Tender Mercies is a 1983 film which tells the story of a recovering alcoholic country singer whose relationships with a young widow and her son help to turn his life and career around. It stars Robert Duvall, Tess Harper, Betty Buckley, Wilford Brimley, Ellen Barkin and Lenny Von Dohlen. The movie was filmed in the Dallas, Texas area (specifically near the town of Waxahachie in Ellis County, Texas, where another well known picture, Places in the Heart was also filmed.)

The movie was written by Horton Foote and directed by Bruce Beresford.

It won Academy Awards for Best Actor in a Leading Role (Robert Duvall) and Best Writing, Screenplay Written Directly for the Screen, and was nominated for Best Director, Best Music, Song (for Austin Roberts and Bobby Hart for "Over You") and Best Picture.

Contents

[edit] Plot

(Although the scenes are shot chronologically, there are no indicators as to whether the scenes are days, weeks or months apart.)

The movie begins showing silhouettes of two men arguing in a hotel room. They are arguing over a bottle of liquor. A man, later identified as Mac Sledge (Duvall), is seen falling down and passing out.

After that night of drinking, Mac wakes up somewhere in Texas at a run-down, roadside hotel and gas station. The owner of the hotel, a young widow named Rosa Lee (Harper), informs Mac that his companion has left him. Mac asks Rosa Lee if he can stay and work off the debt for his room. Rosa Lee agrees. Mac later asks Rosa Lee if he can stay on and continue working for her for room and board.
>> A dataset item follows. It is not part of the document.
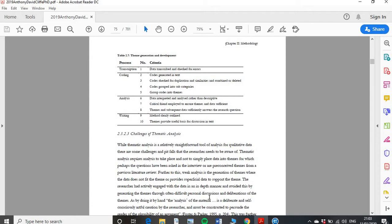The first step is transcribing. As we did in session one, we transcribed the data and checked for errors. Now we're on our second part, which is coding. We need to generate some codes, then check for duplications and similarities and combine or delete them, then group our codes into subcategories, and finally organise those codes into themes. Once we've done that, we can go on to analysing our data and writing it up.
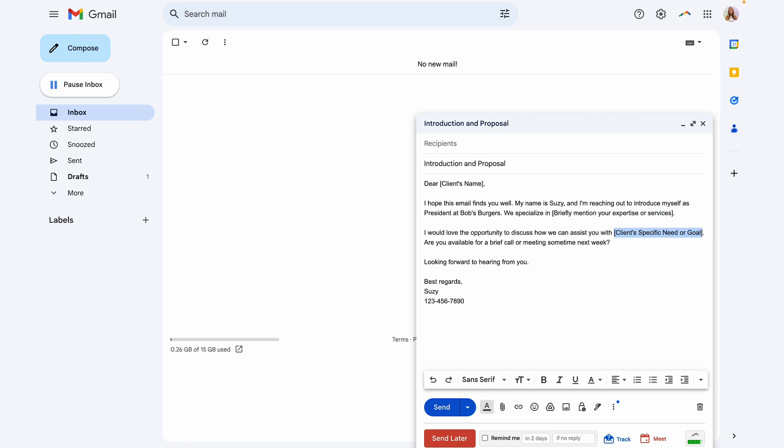And that's it, your email is ready to send. So setting up templates like this is a great way to streamline your email process or get your email inbox set up for an assistant to handle emails the way that you like to handle them. If this was helpful, be sure to subscribe.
She agrees, as long as he doesn't drink while he's working. (We find out later that Rosa Lee's husband was killed several years earlier in Viet Nam, leaving her a widow at age 18, with an infant son to raise.)

Mac and Rosa Lee's growing affection for one another is subtly portrayed. Most telling is a scene where they are sitting one evening, chatting as they watch TV in Rosa Lee's living room. Like a couple on a first date, they shyly share bits of their life stories. They are interrupted by Rosa Lee's young son, Sonny, calling to them from his bedroom, and asking them to stop talking so he can go to sleep. Some time later (not clearly defined), while working in Rosa Lee's garden, Mac asks her to marry him. He says, "A blind man can see how I feel about you." We never see her give her answer, but from later dialogue, we come to know that they did marry.
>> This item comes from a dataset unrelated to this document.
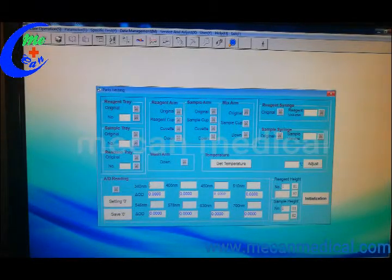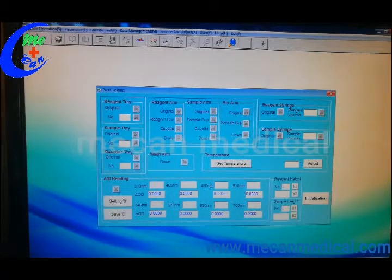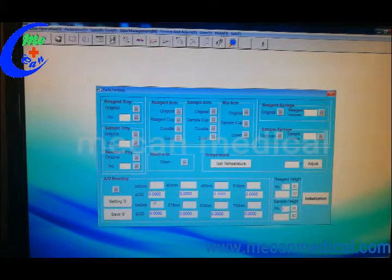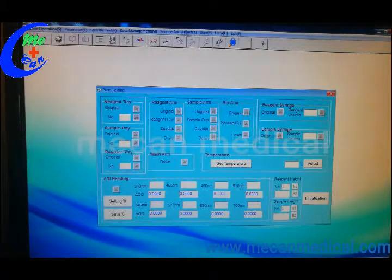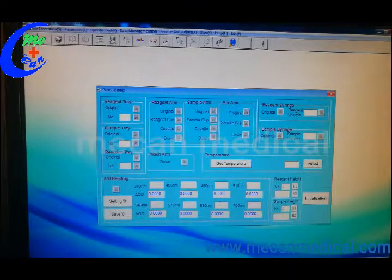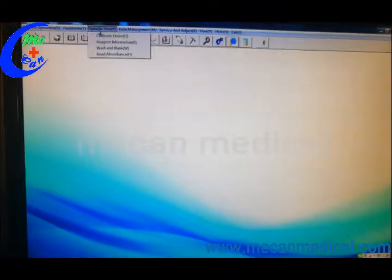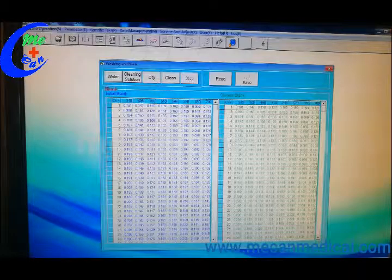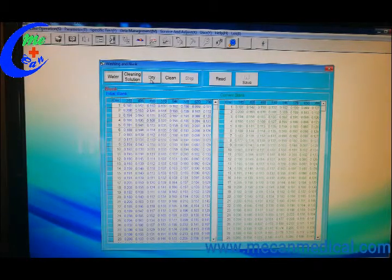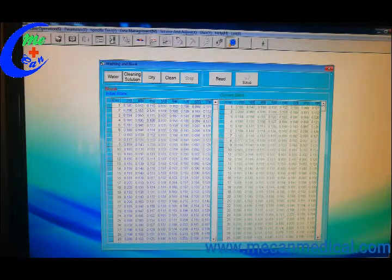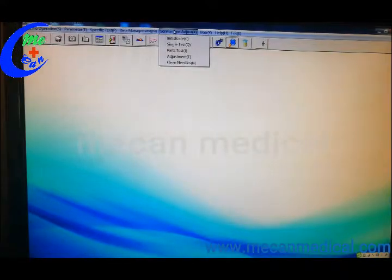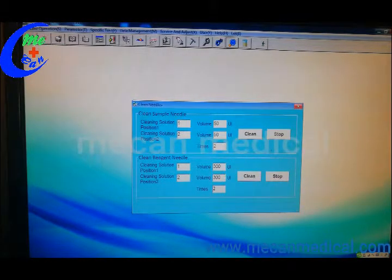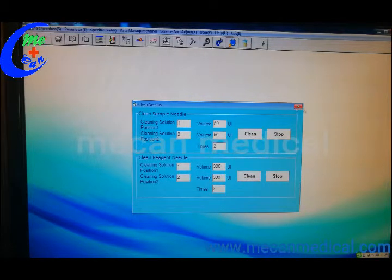All these values, and this one is washing and blank. You can do water cleaning solution, dry clean from here, and also there is a clean needle function. You can use this to clean the needle.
One day, Mac goes out to their pump to gas up an automobile. The driver of the car, a newspaper reporter, asks Mac whether he is "Mac Sledge, the singer". Mac refuses to answer. The reporter asks a series of questions, trying to get Mac to reveal where he has been, why he stopped recording music, whether he was an alcoholic, whether he has remarried, and what Mac thinks about his previous wife, country music star Dixie Lee (Buckley). He states that Dixie became famous singing Mac's songs. The reporter tells Mac that Dixie is performing nearby. Mac refuses to answer any of his questions.

After the reporter's story is printed, a local country western band comes to see Mac at the hotel. They tell Rosa Lee that they are fans. Although Mac is obviously pleased to see that someone still remembers him and his music, he is hesitant to open up that part of his life again.
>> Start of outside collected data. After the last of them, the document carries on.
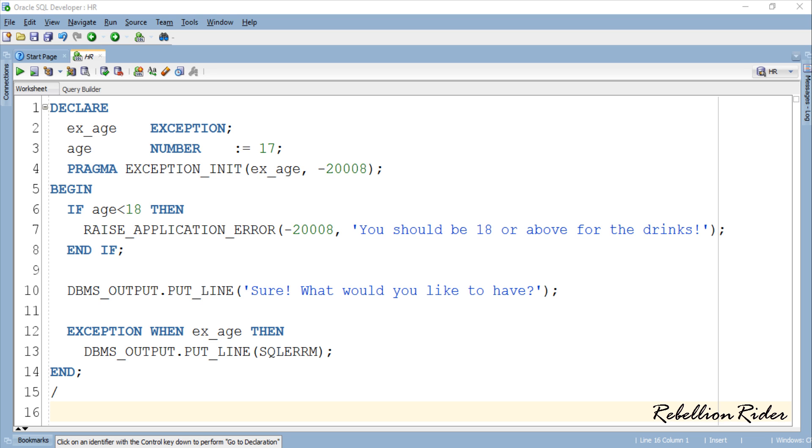So what does that mean? As soon as compiler gets to know that the age of the user is below 18 it raises the exception. When the exception is raised the compiler starts looking for a matching exception handler. If the exception does not have any name, the compiler looks for the exception handler with the name others which is the case in the last tutorial.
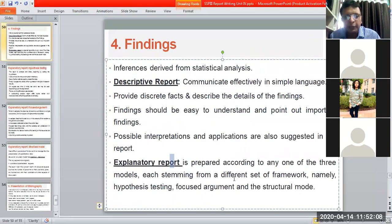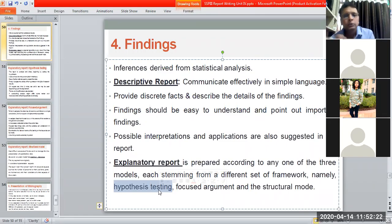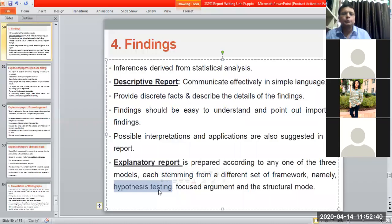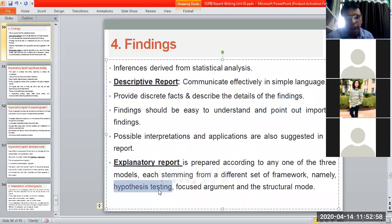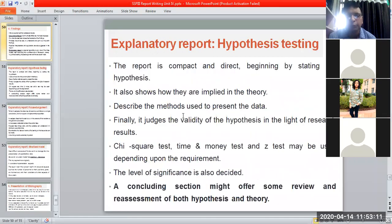So these are the three major types of explanatory report. First, hypothesis testing — coming from literature review — helps in verifying the hypothesis. Second, focused argument — there is a central idea to verify with reactions and responses from the target audience, checking whether they support your central argument. Third, structural model — one model that showcases the outcomes of the research.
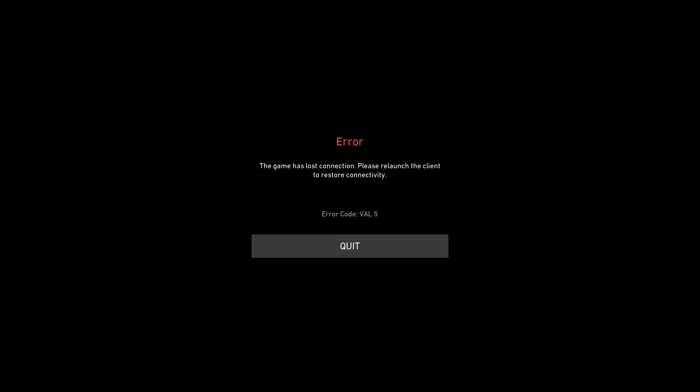Hello guys and welcome back to my YouTube channel Theta Box. Today I got the following error notification while trying to open Valorant on my new Windows 11 laptop. It shows 'The game has lost connection. Please relaunch the client to restore connectivity.'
Mac goes to Dixie's concert. Dixie is an aging country western singer, but it is clear from her performance that she is tremendously talented. Dixie performs a song, obviously written by Mac, expressing deep and unending love. In the middle of the song, Mac gets up and walks out of the performance.

He meets Dixie's manager (Brimley) outside of the concert hall. Mac gives Dixie's manager a new song he has written. Mac then goes backstage to see Dixie. Dixie is extremely upset to see Mac, and rebukes him for visiting her. She warns Mac to stay away from their daughter, Sue Anne. Later, Dixie's manager tells Mac that his song is no good and that the country music business has changed.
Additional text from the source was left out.